I don't know who is behind this website:

King James Version Today

But while my work computer was out of action I took some time this morning to read through a number of the articles, and I have to say that the author takes the time to explain matters in the plainest way possible, and it seems to be free from the KJV-only rhetoric which one finds on other sites. I understand that the anti-KJV people will pass it off as more fideism, but for those genuinely interested in looking at the merits of the AV this appears to contain very useful material.


----------



## Afterthought (Aug 27, 2014)

Thanks. I had been wondering if there was another explanation for the second Cainan in Luke, and I was going to start a thread on it when I had time, but here is another explanation now!

Should Cainan be in the genealogy in Luke 3:36? - King James Version Today
"It is perfectly understandable why the genealogy of Luke includes a name that never appeared in any Jewish genealogy, including Genesis, Chronicles and Josephus. Previous Jewish genealogies focused on biological sonship. However, the genealogy of Luke clearly focuses on sonship by adoption. Luke 3:23 says that Jesus was “the son of Joseph” despite Joseph having no biological connection to Jesus. Jesus was the adopted son of Joseph. Luke 3:23 also says that Joseph "was the son of Heli” (literally "was of Heli") despite Joseph being the biological son of Jacob (Matthew 1:16). Heli was actually the father of Mary, Joseph’s wife. Thus, Joseph was the adopted son (son in law) of Heli. If this pattern continues in the genealogy, it would not be surprising to find an adopted son who had previously been omitted from biological genealogies. Thus, we can reasonably accept that Cainan was the adopted son of Arphaxad, and that Cainan raised Sala, who was the biological son of Arphaxad. The Masoretic text is not in error because its genealogies in Genesis and Chronicles focus on biological sonship."

I had not heard this explanation before (Of course, I'll have to think about it some). Most of the places I've looked have said Cainan is spurious or Cainan fills a gap in the genealogy, or that Luke was deliberately following an incorrect but popular genealogy at the time.


----------



## Rob Marsh (Aug 28, 2014)

Interestingly enough, last night during family worship I couldn't locate my ESV so I used a handy KJV for reading to the kids about Joseph from Genesis, and couldn't help but notice how odd it was to be reading about "corn" in Egypt, which I'm pretty sure wasn't around in the middle east back then.

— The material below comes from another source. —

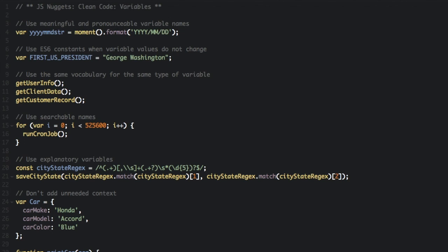Clean code in JavaScript: Variables. I'm going to be sharing some guidelines to make sure your variables are readable, reusable, and refactorable.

Minor translational difference, sure, but still mighty strange, and in a way distracting, as I starting thinking about Joseph and his brothers eating tortillas and salsa in Egypt...


----------



## Backwoods Presbyterian (Aug 28, 2014)

It is worth noting that outside the America's it was/is common for "corn" to be a general word that covers any cereal grain.


----------



## chuckd (Aug 28, 2014)

armourbearer said:


> I don't know who is behind this website:
> 
> King James Version Today
> 
> But while my work computer was out of action I took some time this morning to read through a number of the articles, and I have to say that the author takes the time to explain matters in the plainest way possible, and it seems to be free from the KJV-only rhetoric which one finds on other sites. I understand that the anti-KJV people will pass it off as more fideism, but for those genuinely interested in looking at the merits of the AV this appears to contain very useful material.



Excellent! Thanks for posting.


----------



## Ask Mr. Religion (Aug 28, 2014)

I could not identify those behind the site from its DNS registration records. I do see some connection between the site and this one:

Main Page - Textus Receptus

In that the wiki site appears to reference it often and in 2011 posted a Facebook entry noting that KJV Today had changed its link to the one Rev. Winzer posted. Apparently it has been around a few years.


----------



## MW (Aug 28, 2014)

Afterthought said:


> I had not heard this explanation before (Of course, I'll have to think about it some). Most of the places I've looked have said Cainan is spurious or Cainan fills a gap in the genealogy, or that Luke was deliberately following an incorrect but popular genealogy at the time.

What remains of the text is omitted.